I've also just discovered 'kabylake' is coming out so could be a winner.

Whether its worth waiting I'm not sure.
 

Sidmouth

Silver Level Poster
So i've decided on an 'i76850k'.

The spec sheet on intel's site states it supports 2133/2400 RAM can it support higher frequencies than this as the pc specialist site lets you pick ram into the 3000mhz speeds?
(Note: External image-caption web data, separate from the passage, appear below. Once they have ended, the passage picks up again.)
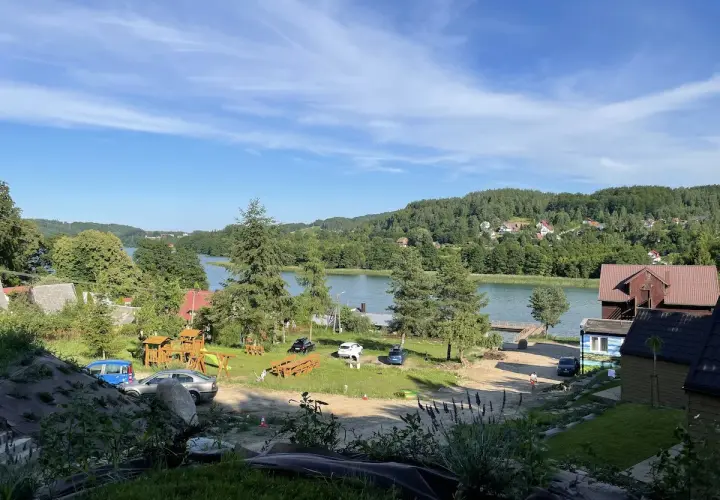 Widok na jezioro i ostrzycki las. Na pierwszym planie plac zabaw i samochody, w tle domki i zielone wzgórza.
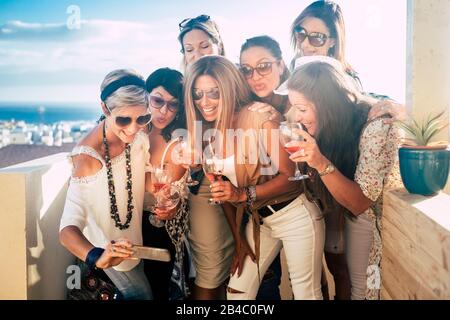 Happy and cheerful people young beautiful women look a picture on a smartphone having fun - outdoor celebration concept for friends together - blue sea in background and smiles Stock Photo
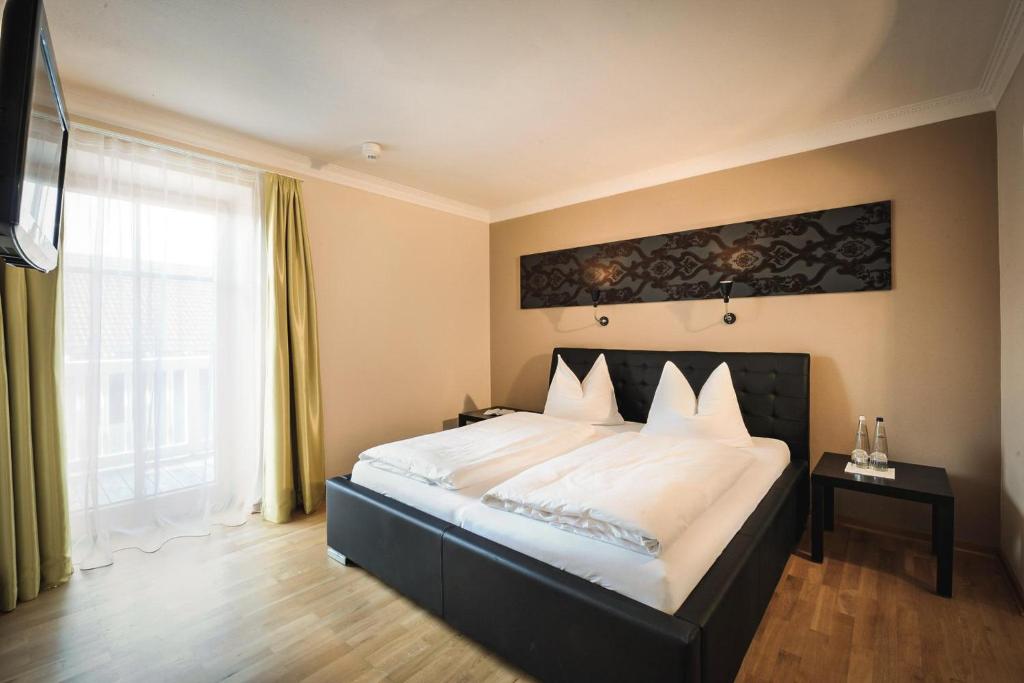 Postel nebo postele na pokoji v ubytování Wellness Natur Resort Gut Edermann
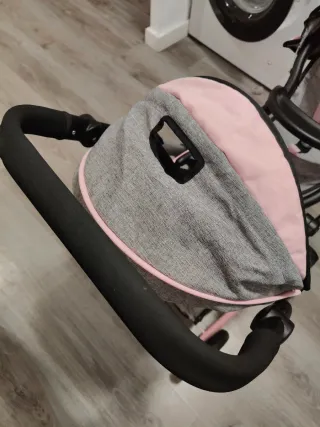 Carro gemelar de juguete gris y rosa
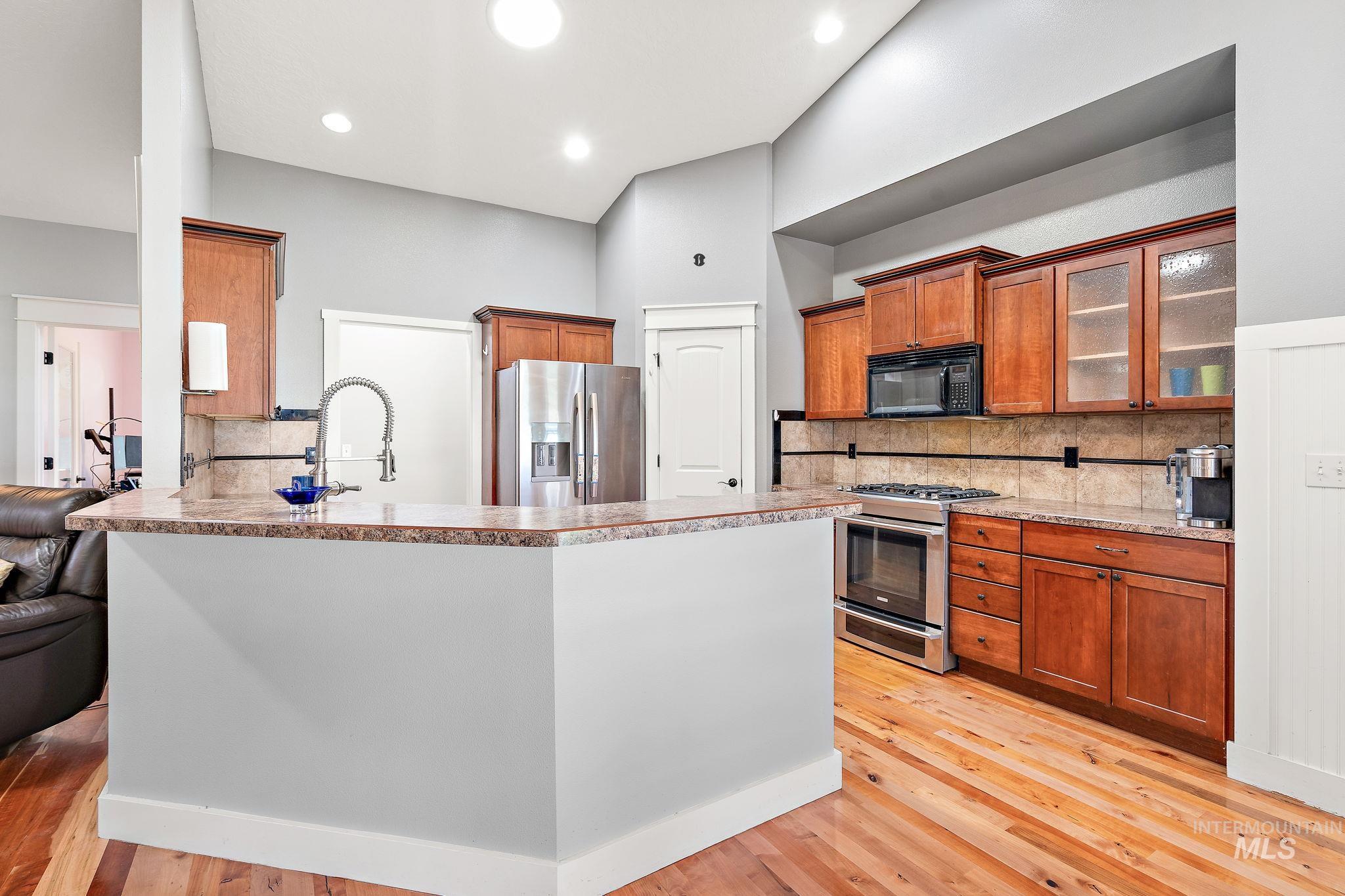 Kitchen with brown cabinets, decorative backsplash, appliances with stainless steel finishes, light wood-type flooring, and glass insert cabinets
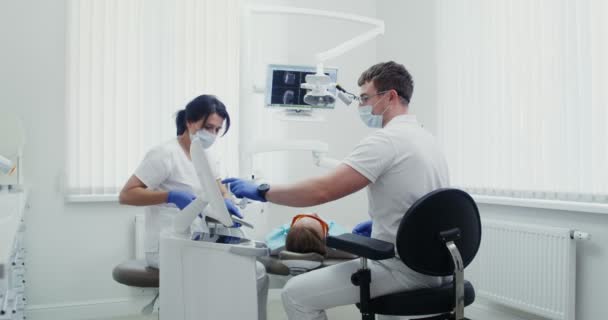 Zubař upevňuje pečeť ultrafialovou září, mladá sestra pomáhá — Stock video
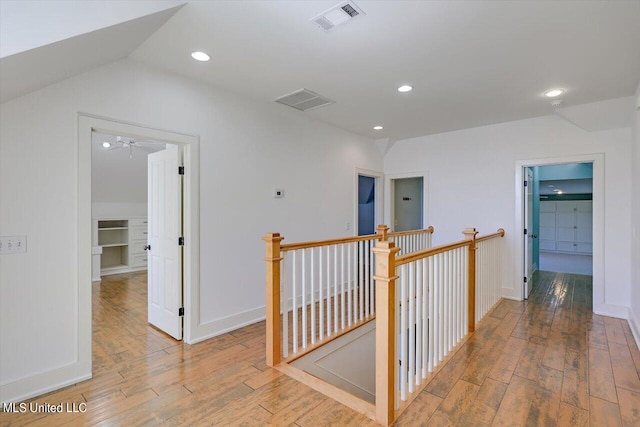 hall with light wood-type flooring and vaulted ceiling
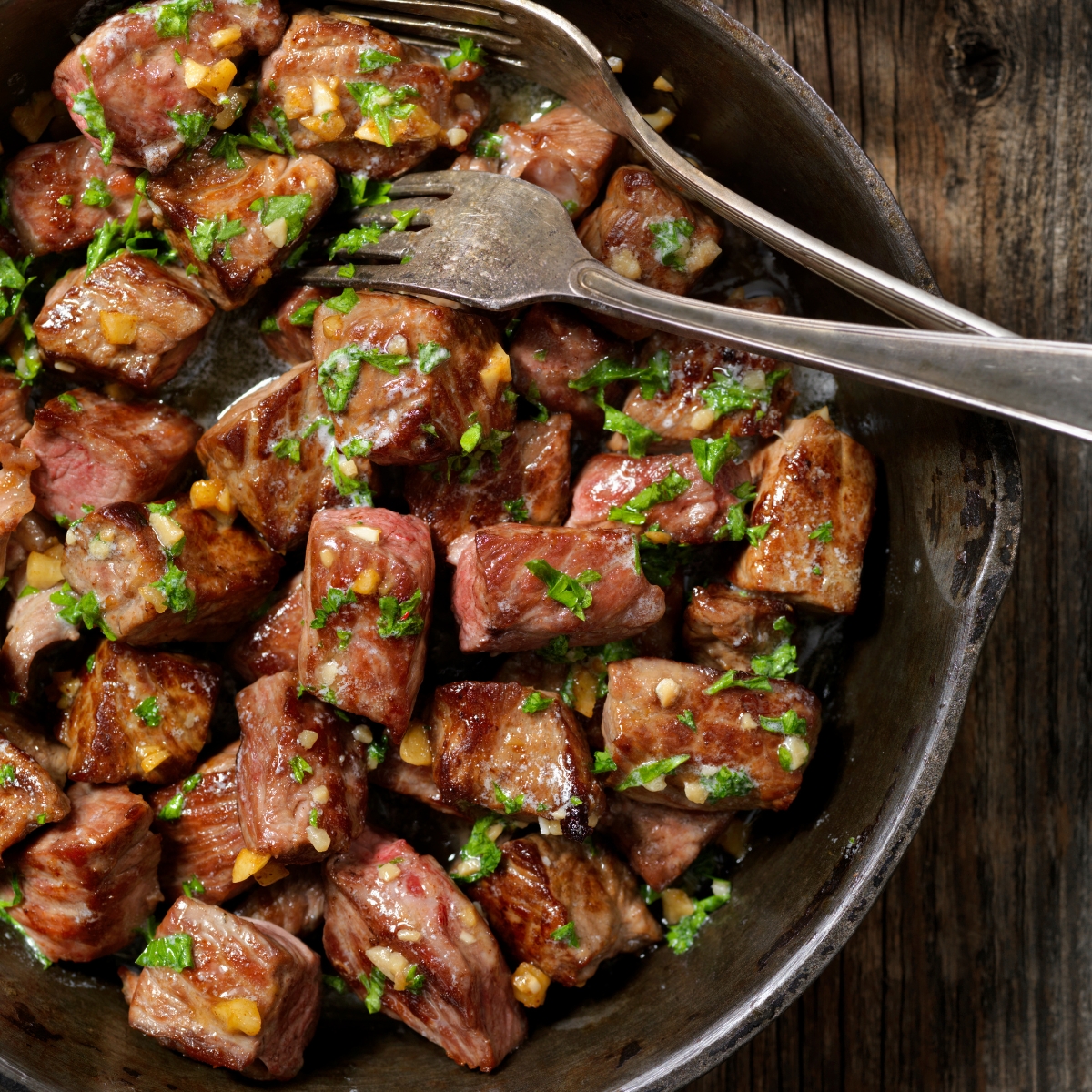 garlic butter steak bites in a pan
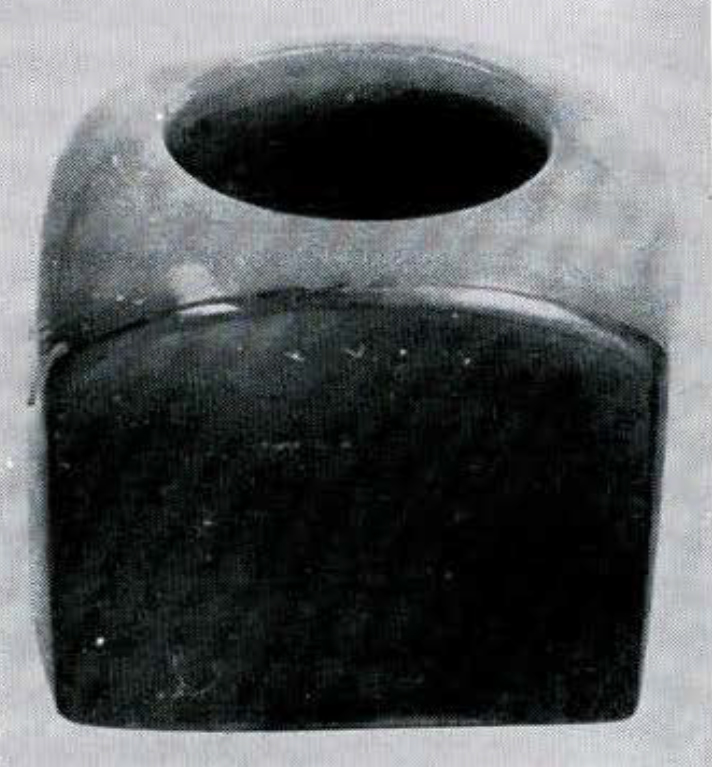 A cube shaped thumb ring.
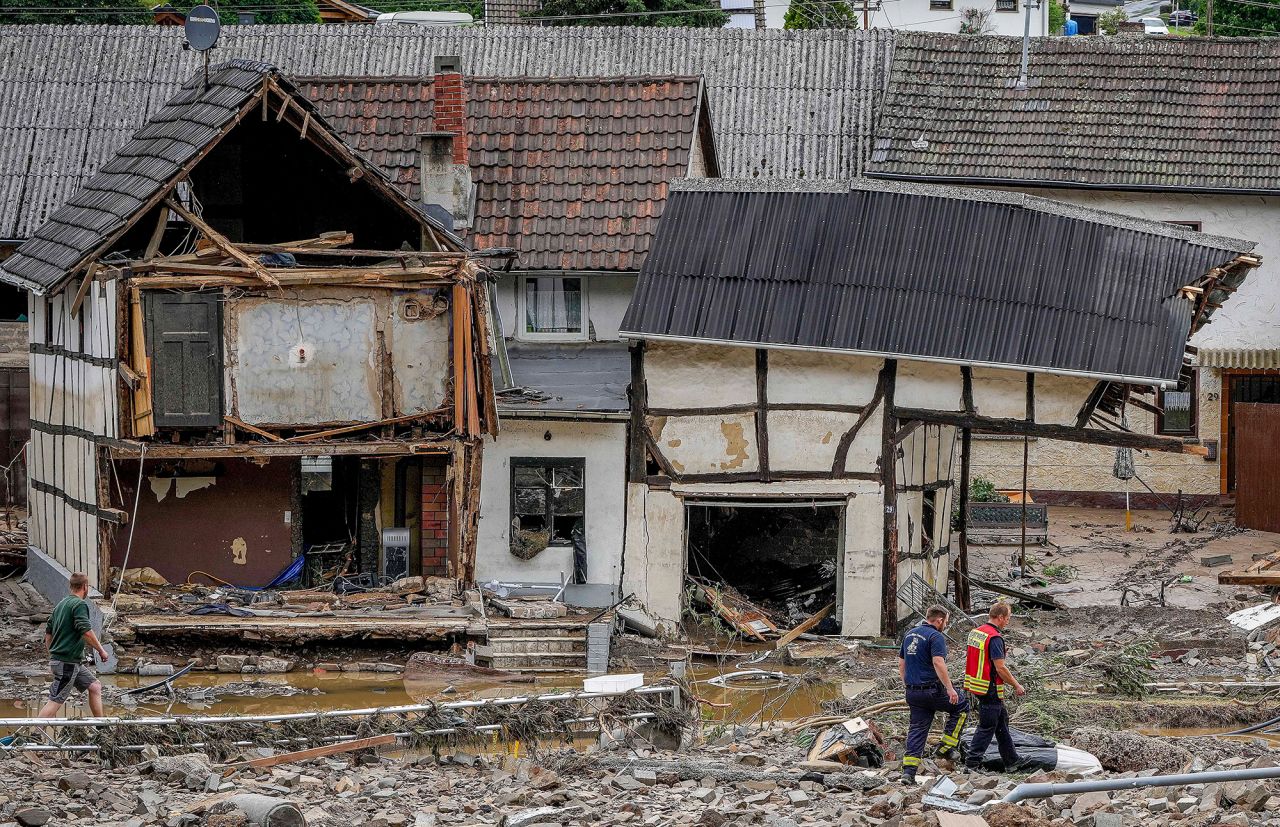 Men walk by damaged homes in Schuld, Germany.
I don't need this speed RAM but just curious.
 

mantadog

Superhero Level Poster
Yes it can support higher speed RAM but you would need to overclock to achieve the faster speeds, generally RAM speed doesn't have too much impact on performance anyway.
 

Oussebon

Multiverse Poster
If you're buying an intel Extreme CPU and not overclocking it, you're doing it wrong. :)

Kidding aside, while Broadwell-E might not OC quite as well as Haswell-E, it still generally OCs higher above its stock frequencies than Skylake afaik. This means that it extends its lead in multi-threaded tasks like video editing quite significantly, while closing the gap that skylake has in terms of where it performs better (such as photo editing and gaming) at least somewhat. With OCing I believe the 6800k can generally reach the same frequencies as the 6850k, but requires more voltage to do so, so there is still some merit in going for the 6850k even fi you're looking at the same frequency.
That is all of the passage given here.